-- Given records --

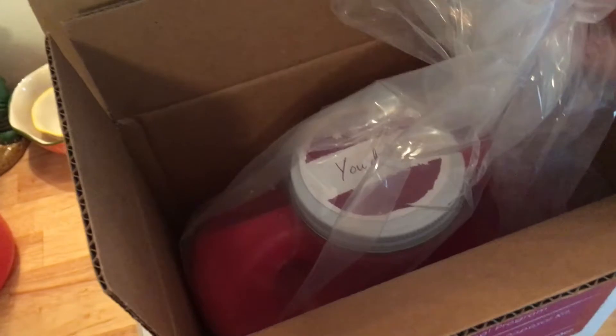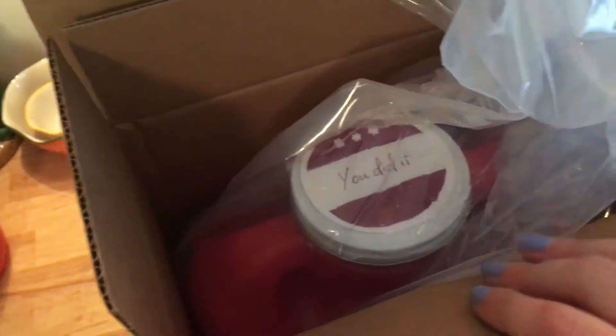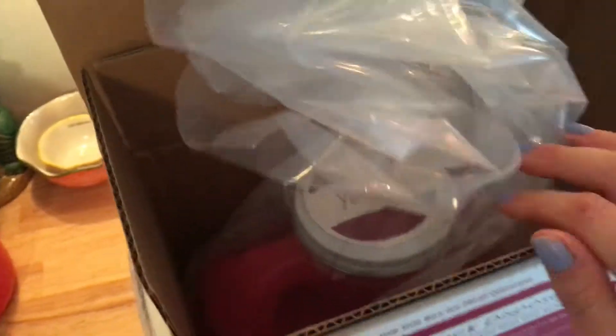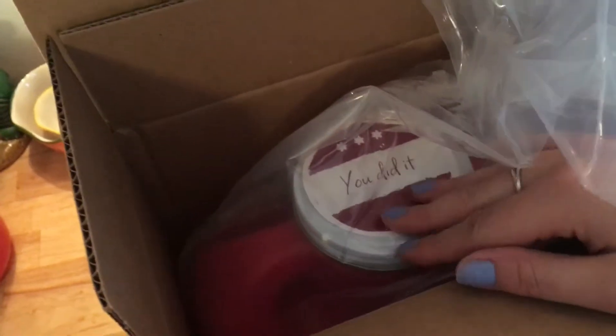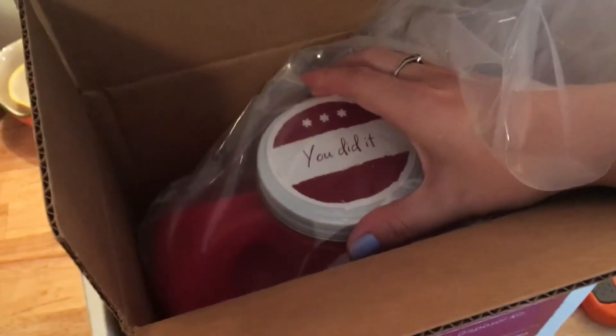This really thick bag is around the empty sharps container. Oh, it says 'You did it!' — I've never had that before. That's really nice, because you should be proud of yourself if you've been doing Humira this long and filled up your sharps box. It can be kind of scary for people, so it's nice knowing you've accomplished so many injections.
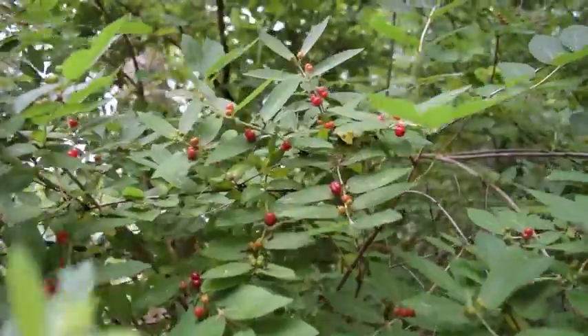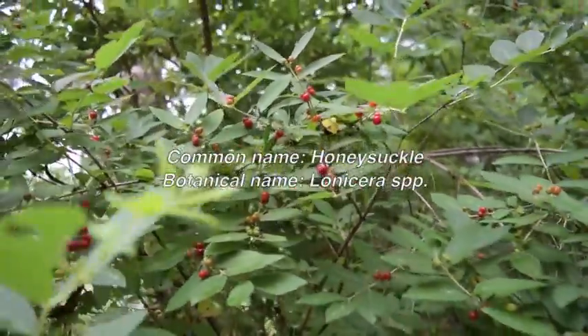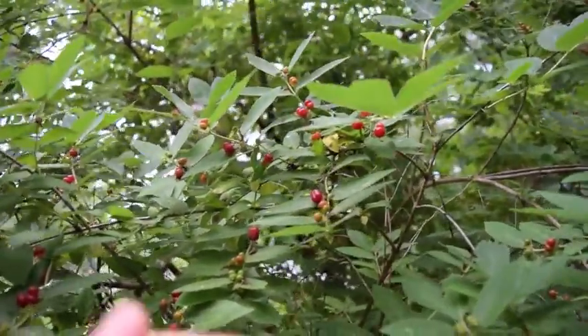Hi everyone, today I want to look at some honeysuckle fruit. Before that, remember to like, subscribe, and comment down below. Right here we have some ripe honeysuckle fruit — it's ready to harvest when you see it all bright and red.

---

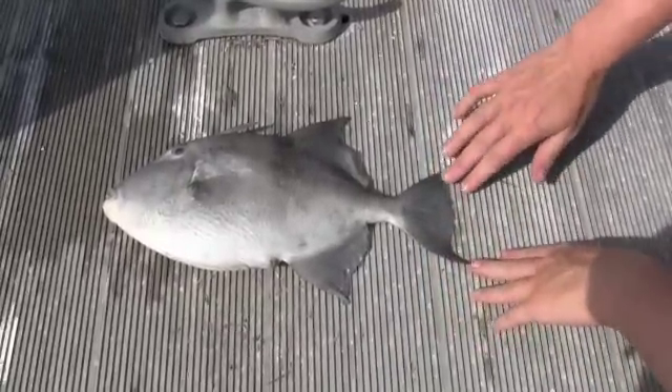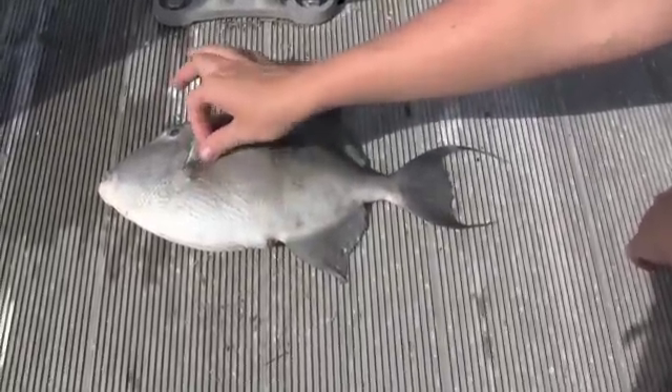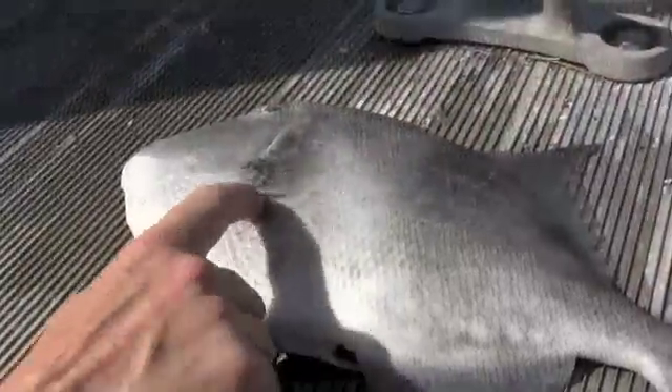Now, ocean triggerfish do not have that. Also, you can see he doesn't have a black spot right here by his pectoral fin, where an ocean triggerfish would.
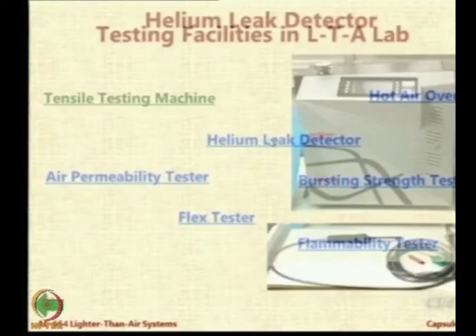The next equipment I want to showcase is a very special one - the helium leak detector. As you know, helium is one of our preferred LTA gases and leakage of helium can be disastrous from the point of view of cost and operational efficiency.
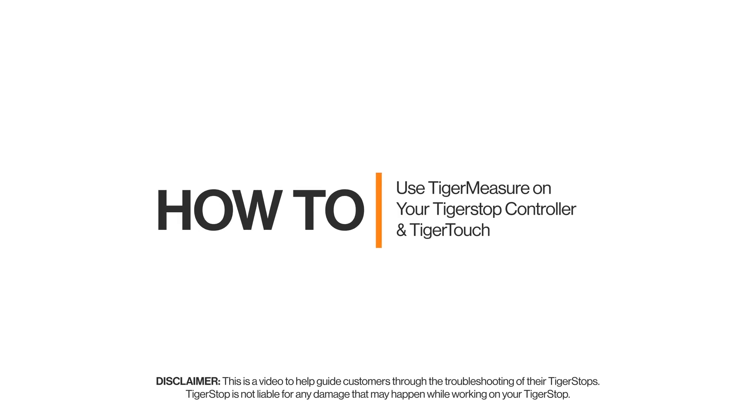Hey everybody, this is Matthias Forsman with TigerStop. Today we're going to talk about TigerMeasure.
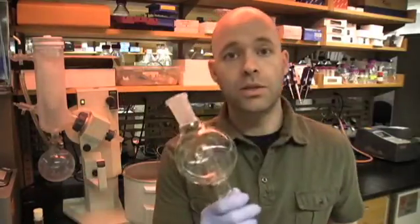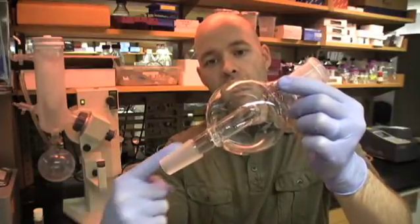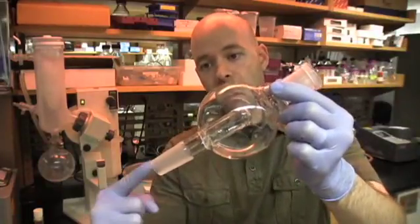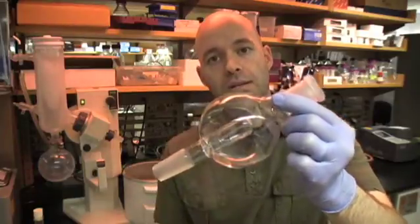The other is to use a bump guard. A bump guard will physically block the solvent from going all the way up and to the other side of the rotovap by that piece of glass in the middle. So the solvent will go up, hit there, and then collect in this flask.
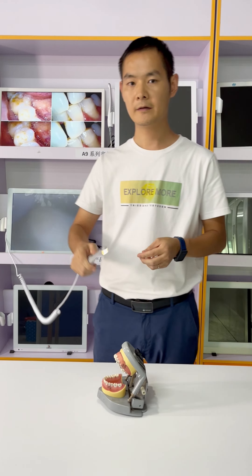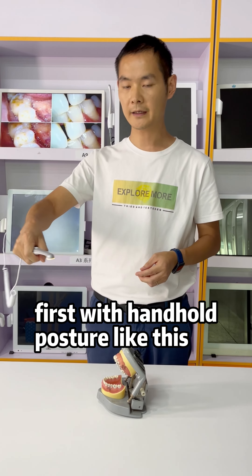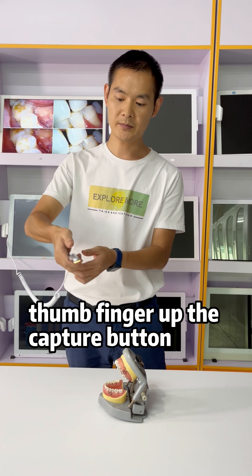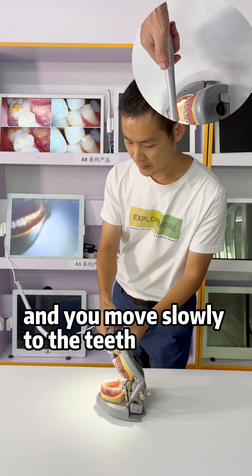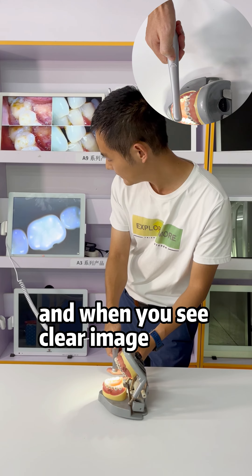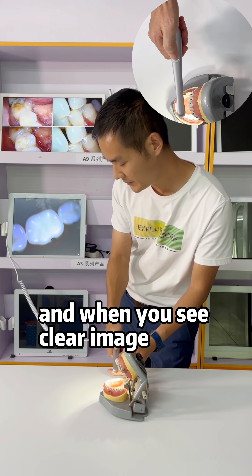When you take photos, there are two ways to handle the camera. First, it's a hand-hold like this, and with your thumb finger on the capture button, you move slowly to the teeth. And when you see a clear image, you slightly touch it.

--

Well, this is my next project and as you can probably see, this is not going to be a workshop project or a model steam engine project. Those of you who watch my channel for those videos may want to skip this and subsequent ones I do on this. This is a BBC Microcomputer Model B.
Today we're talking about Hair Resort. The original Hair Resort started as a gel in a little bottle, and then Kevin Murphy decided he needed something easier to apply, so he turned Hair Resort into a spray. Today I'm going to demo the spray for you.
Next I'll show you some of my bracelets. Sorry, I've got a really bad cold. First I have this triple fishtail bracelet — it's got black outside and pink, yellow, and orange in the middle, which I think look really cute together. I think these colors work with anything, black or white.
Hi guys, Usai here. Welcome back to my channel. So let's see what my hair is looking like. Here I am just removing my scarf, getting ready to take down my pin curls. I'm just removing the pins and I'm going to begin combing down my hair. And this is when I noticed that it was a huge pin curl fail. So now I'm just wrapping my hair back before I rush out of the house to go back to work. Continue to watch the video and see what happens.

-- Exercise directions --
Set down exactly the lines above, from the line containing "This really thick" through the line containing "Hi everyone, today". Skip the pictures.

-- Solved problem --
This really thick bag is around the empty sharps container. Oh, it says 'You did it!' — I've never had that before. That's really nice, because you should be proud of yourself if you've been doing Humira this long and filled up your sharps box. It can be kind of scary for people, so it's nice knowing you've accomplished so many injections.
Hi everyone, today I want to look at some honeysuckle fruit. Before that, remember to like, subscribe, and comment down below. Right here we have some ripe honeysuckle fruit — it's ready to harvest when you see it all bright and red.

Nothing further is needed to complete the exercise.